Data excerpts.
↓↓↓

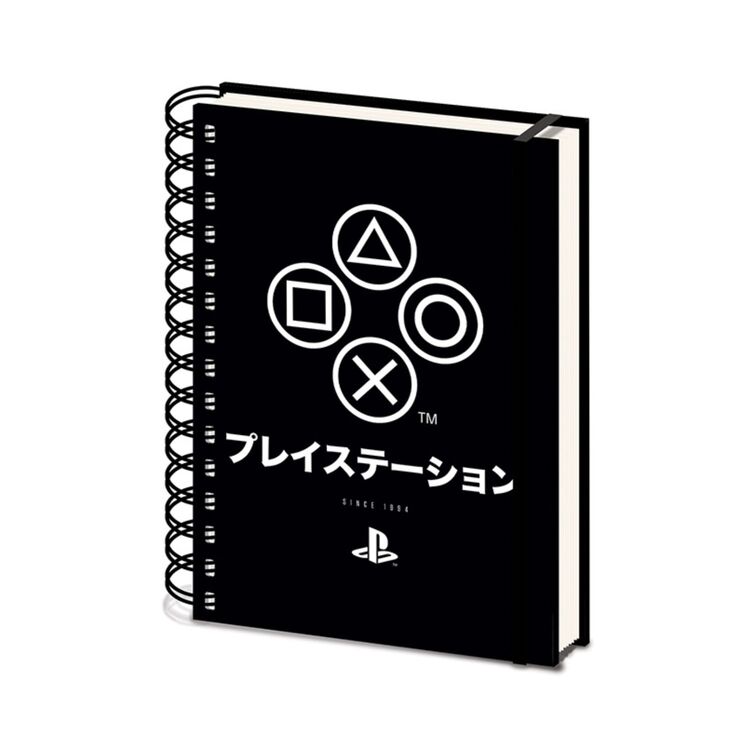Product Playstation (Onyx) A5 Wiro Notebook image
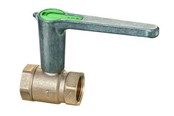 Fittings - IMI Hydronic TA 500 Globo kuglehane rødgods muffe/muffe 3/4" - 32701010508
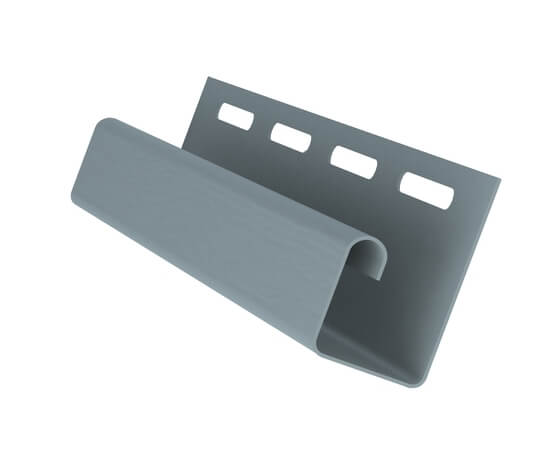 Профиль J Grand Line Acryl черный (3,0м)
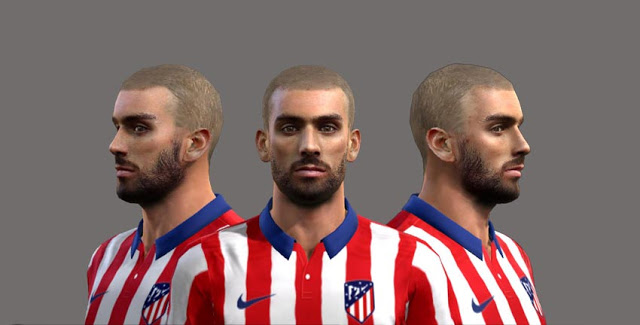 Ultigamerz Pes 2013 Yannick Carrasco Atletico Madrid Face 2020 21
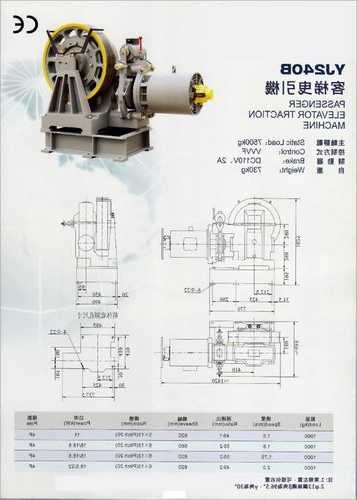 三菱电梯em曳引机型号，上海三菱电梯曳引机型号？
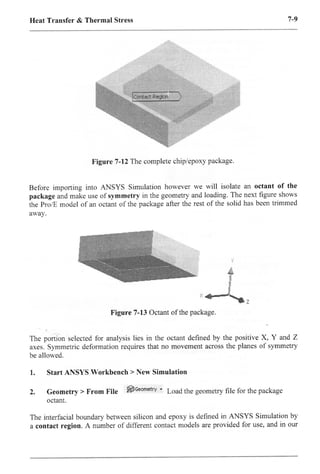 Ansys workbench tutorial v.10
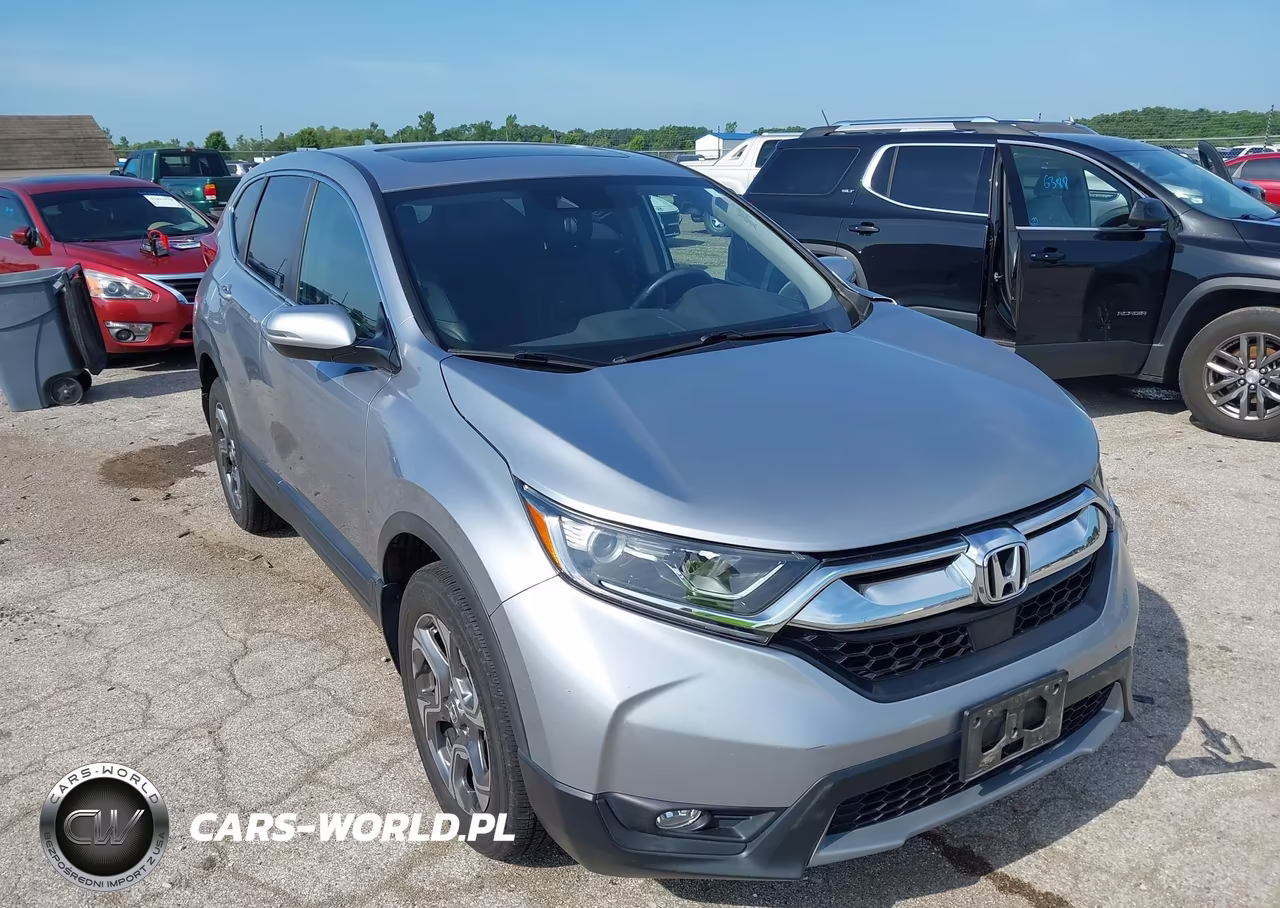 2019 Honda Cr-V Ex-L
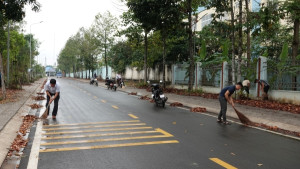 Xã Trị An ra quân tổng vệ sinh môi trường đón Tết Nguyên đán Bính Ngọ năm 2026
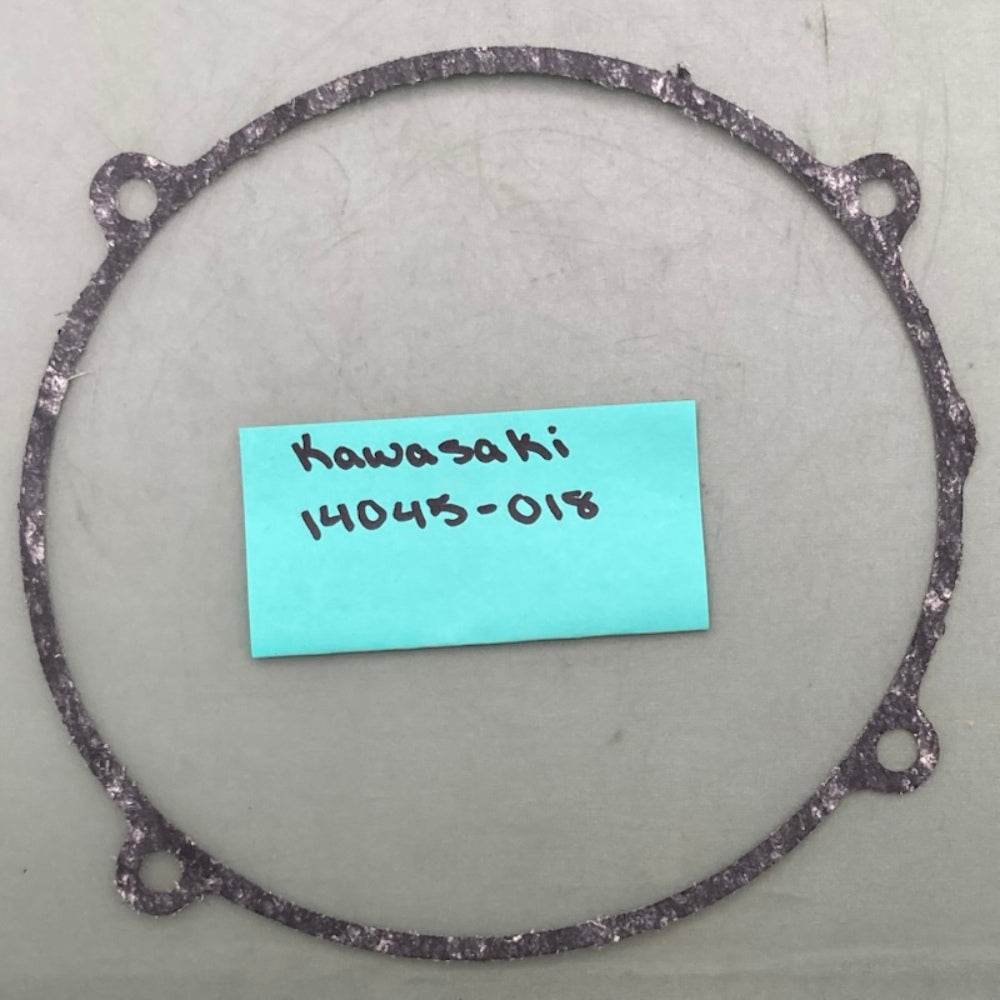 Replaces Kawasaki 14045-018 LH Engine Cover Gasket New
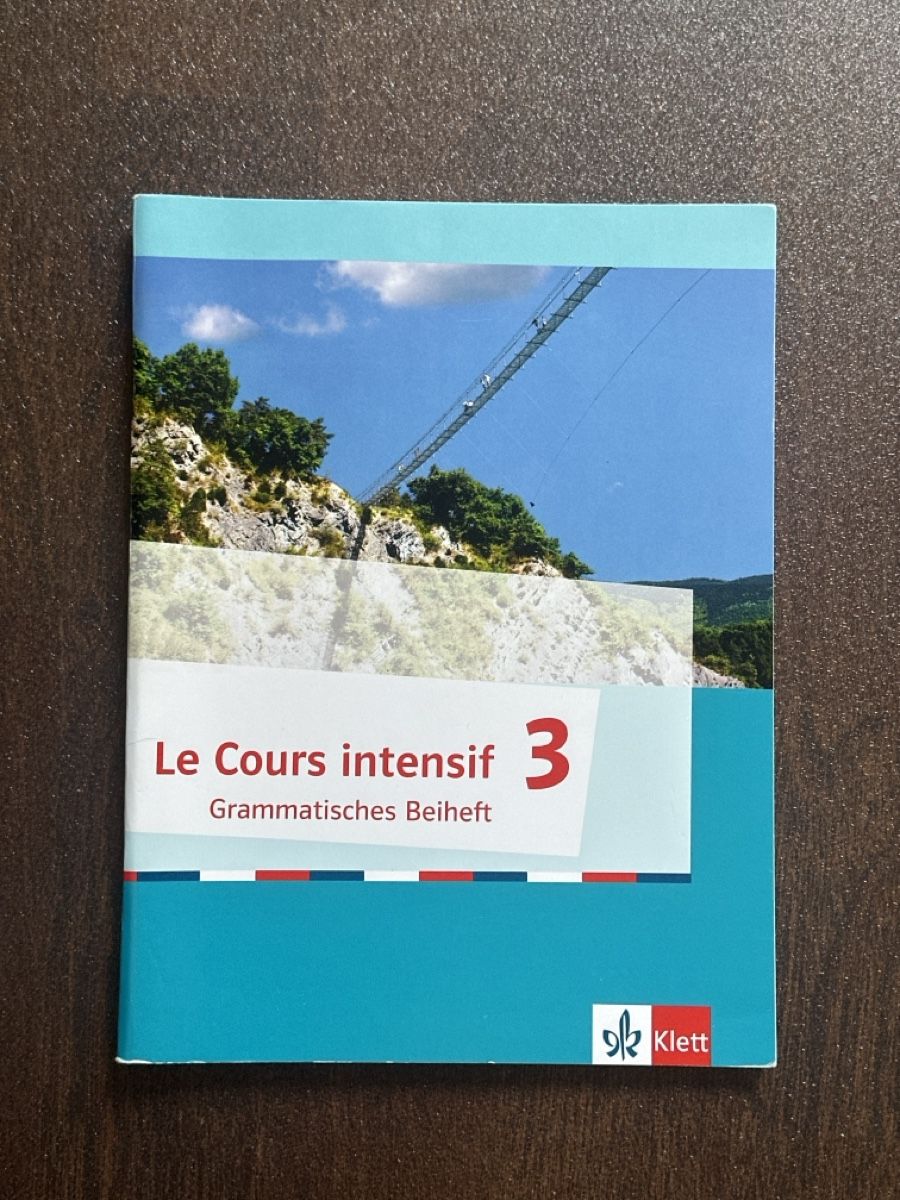 Libri: Französisch Grammatikheft "Le Cours intensif 3" – Usato da Neerach venduto da Matug1248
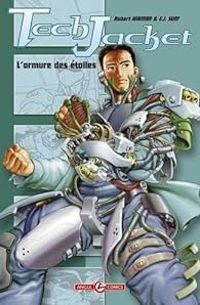 Couverture du livre L'armure des étoiles - Robert Kirkman - E J Su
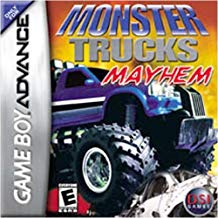 GBA: MONSTER TRUCKS MAYHEM (GAME) - Click Image to Close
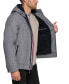Фото #3 товара Men's Sherpa-Lined Softshell Hooded Jacket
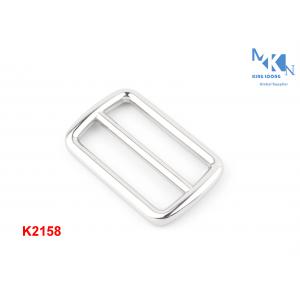 40mm Inner Size Metal Slide Buckle Square Ring Nickle Color For Handbag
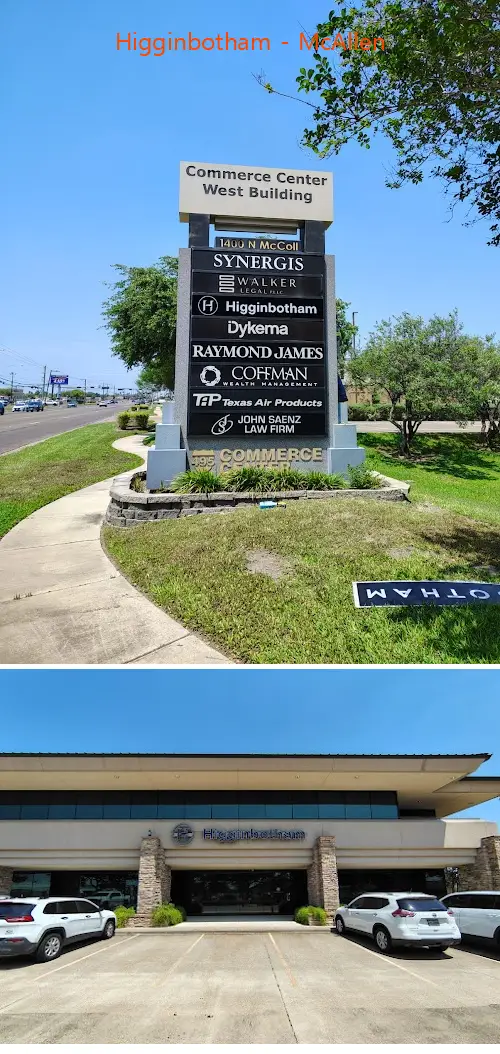 higginbotham  mcallen tx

↑↑↑

Exercise brief. Nothing but the lines from the line with "40mm Inner Size" through the last line of the listing above should be repeated, and pictures should be left out.

Exercise response.
 40mm Inner Size Metal Slide Buckle Square Ring Nickle Color For Handbag
 higginbotham  mcallen tx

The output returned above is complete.